From the Readers: An extra pair of eyes helps in tough conditions

Brothers, Perry and Chris Browning, partnered up to gain success on an elusive eastern coyote.
From the Readers: An extra pair of eyes helps in tough conditions

My brother Chris and I made plans to double up on a coyote hunt. We picked a location the night before and decided to meet at first light. It was in early January and we were hunting in our home state of West Virginia. The temperature was steady at 25 degrees with a fresh coating of snow on the ground. We were skeptical with winds forecasted for 25 miles per hour.

After debating for 30 minutes or so on our chances of calling something in with the stiff winds, we decided to give it a try. The location was a 45-minute hike from our trucks and it was almost daylight when we started out.

With new snow on the ground and the wind helping cover our approach, we made it to a small knoll in the middle of a long ridge where we set up 50 yards apart. We were positioned back to back with the call in the middle. Chris and I were able to watch different saddles and ravines leading to our location. The good thing about hunting together as long as we have, is that you practically know what the other one is going to do and when.

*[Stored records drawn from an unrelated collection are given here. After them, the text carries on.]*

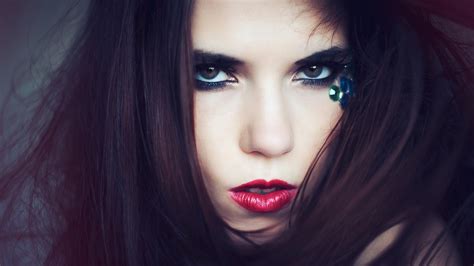 masaüstü yüz model portre kırmızı makyaj fotoğraf mavi siyah saç ağız burun duygu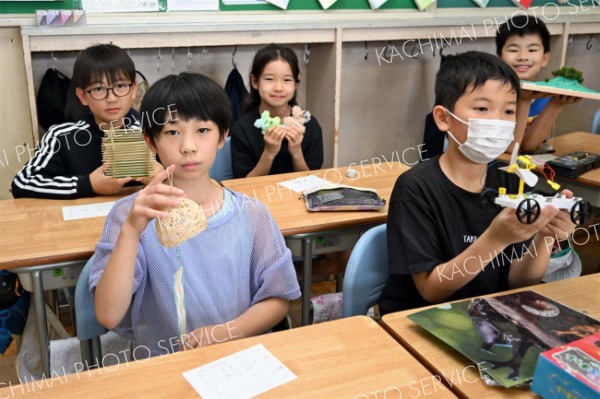 夏休み自由研究の成果を発表する児童（２７日午前１０時５０分ごろ、帯広緑丘小学校で。須貝拓也撮影）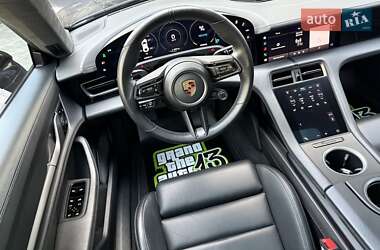 Седан Porsche Taycan 2019 в 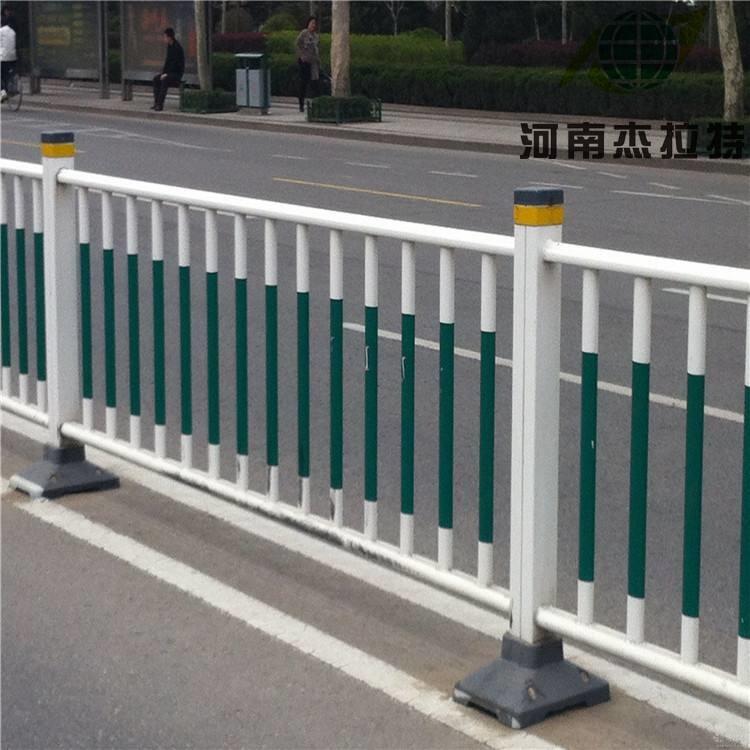 榆林交通隔離市政護(hù)欄生產(chǎn)廠家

I had secured the Fox Pro FX3 in a small bush about 4 feet off the ground. After a few minutes of silence, I started the caller with a fox-pup-distress call. The wind was now gusting, so I kept increasing the volume. The call had been running continuously for approximately 10 minutes when I heard Chris shoot. Not knowing if it was a hit, miss, or more than one coyote, I kept the sound going for a few more seconds before getting up.

He told me that he had shot a coyote that ran off. We walked down to the area where Chris said the coyote was standing. After a short tracking job, we found the female coyote in an old downed pine tree. We are confident that in these conditions, doubling up and using the extra set of eyes made the difference.